THE POSTSCRIPT, Carrie Classon
He was sitting outside his home on a tiny patio, wearing a fedora and smoking a cigar.
He had a portable music player sitting beside him, and he looked as if he was enjoying the September sunshine about as much as anyone could.
“Good afternoon!” I said as I passed.
“Good afternoon!” he agreed.
I don’t smoke, but I like the smell of cigars. My grandpa smoked a cigar occasionally, and the smell of cigar smoke reminds me of my childhood. In fact, all of September reminds me of childhood.
I see yellow buses carrying kids to school and wonder how it is possible that school buses look so much the same, after all these years. I feel the same need for a new pair of shiny shoes. Autumn says that we should be putting on our new, shiny shoes and getting out our freshly sharpened pencils (remember that smell?) and heading off on adventures.
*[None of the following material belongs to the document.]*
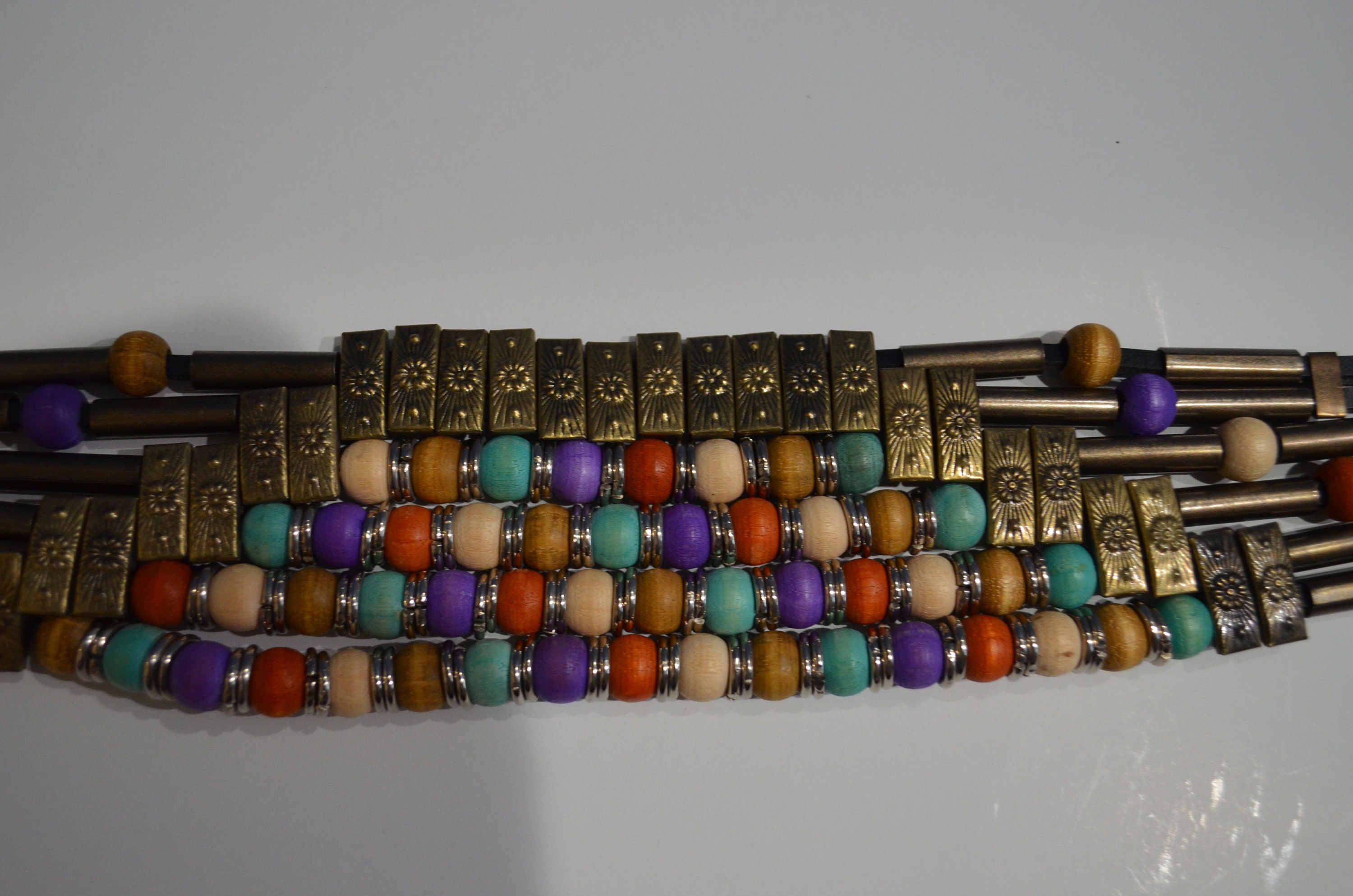 Vintage Boho Beaded and Metal Fun Fashion Belt - Etsy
I actually bought new boots this fall. I’ve never had Dr. Martens and so I got myself a pair. I love them. My husband, Peter, says I look like Frankenstein—but I know he means that in the nicest possible way. With my new Dr. Martens all laced up, I feel as if I should be racing off to catch a yellow bus, or sharpening some pencils, or at least picking out some fancy new notebooks.
But there is no bus to catch, no new class starting. My life—as pleasant as it is—remains very much the same, while all around me, the season is signaling that big changes are coming.
I’ve often envied birds, who have a much busier social calendar than I have ever had. They arrive from who knows where in the spring, scope out the neighborhood build a house, raise a family, leave the neighborhood, and are back on the road by fall, headed off to parts unknown. By comparison—even with the occasional trip to Mexico—my life seems very dull.
Then there are butterflies—who aren’t even butterflies until they decide that’s what comes next. They build themselves a cocoon and show up, looking like another creature entirely in a few weeks’ time. It doesn’t seem quite fair, buying a new pair of boots and trying to compete with that kind of transformation.
But although any transformation I attempt will pale beside the butterfly’s, I think there might be something hard-wired within me that says in the fall, “Now is the time to get ready!”
“For what?” I can’t help but ask. And when I don’t come up with a ready answer, I feel frustrated. Surely, I should be busy growing wings or, at the very least, storing up a winter’s worth of acorns. Instead, I walk around in my shiny new boots, and I wonder if I shouldn’t be doing something different—even if it’s less ambitious than learning to fly or stockpiling enough food to live on for six months.
And then I think about that fellow with the cigar and wonder if he isn’t on to something.
Because it is going to get colder and certainly less pleasant than it is today. This is as true of autumn as it is of life. Any reasons I might have had for delaying doing things that sound like fun sound pretty foolish in the autumn.
I’m glad I bought those shiny new boots. I don’t think I’ll take up cigar smoking, but I’m going to try very hard to do something new in the September sunshine, something fun, before it’s too late.